## Exercise instructions
Begin at the line below that has "Лот: 7559505. Фото: 1.". Stop after the line that has "Paket Itikaf Promo Umroh Awal Ramadhan 2027", repeating each line exactly and leaving out the pictures.

## Given records
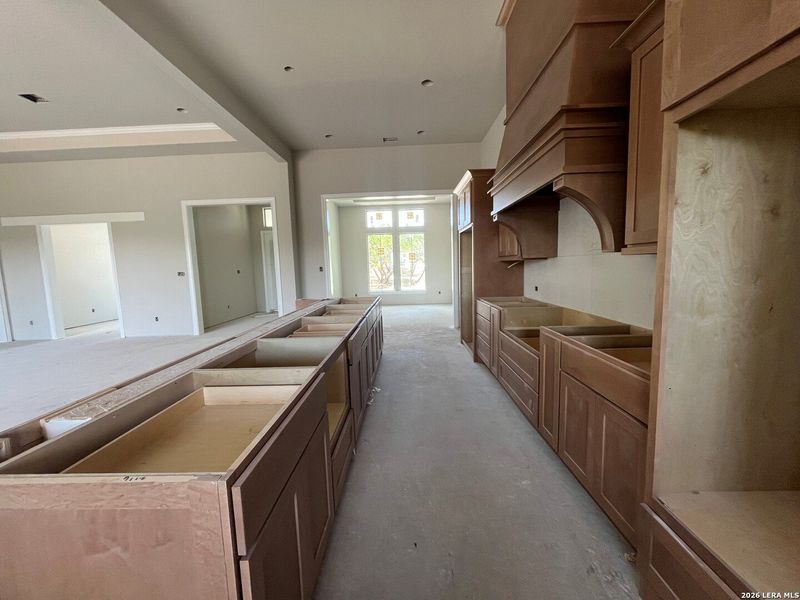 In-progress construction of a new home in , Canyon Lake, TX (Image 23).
--
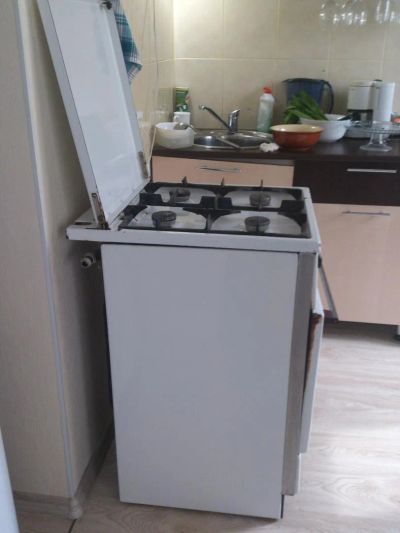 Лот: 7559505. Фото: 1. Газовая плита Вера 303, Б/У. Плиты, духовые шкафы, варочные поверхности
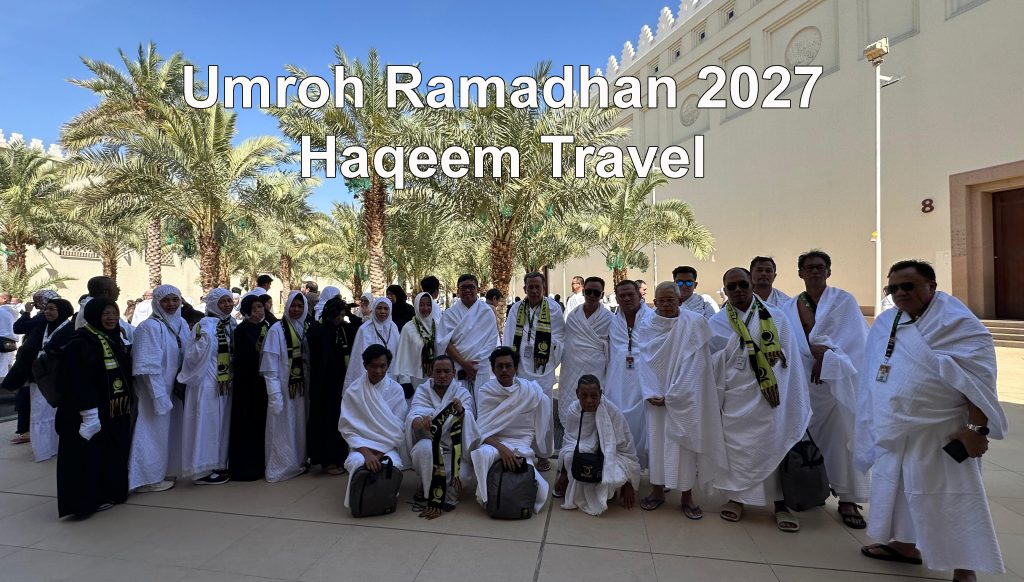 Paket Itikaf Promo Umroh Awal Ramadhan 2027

## Result of this task
 Лот: 7559505. Фото: 1. Газовая плита Вера 303, Б/У. Плиты, духовые шкафы, варочные поверхности
 Paket Itikaf Promo Umroh Awal Ramadhan 2027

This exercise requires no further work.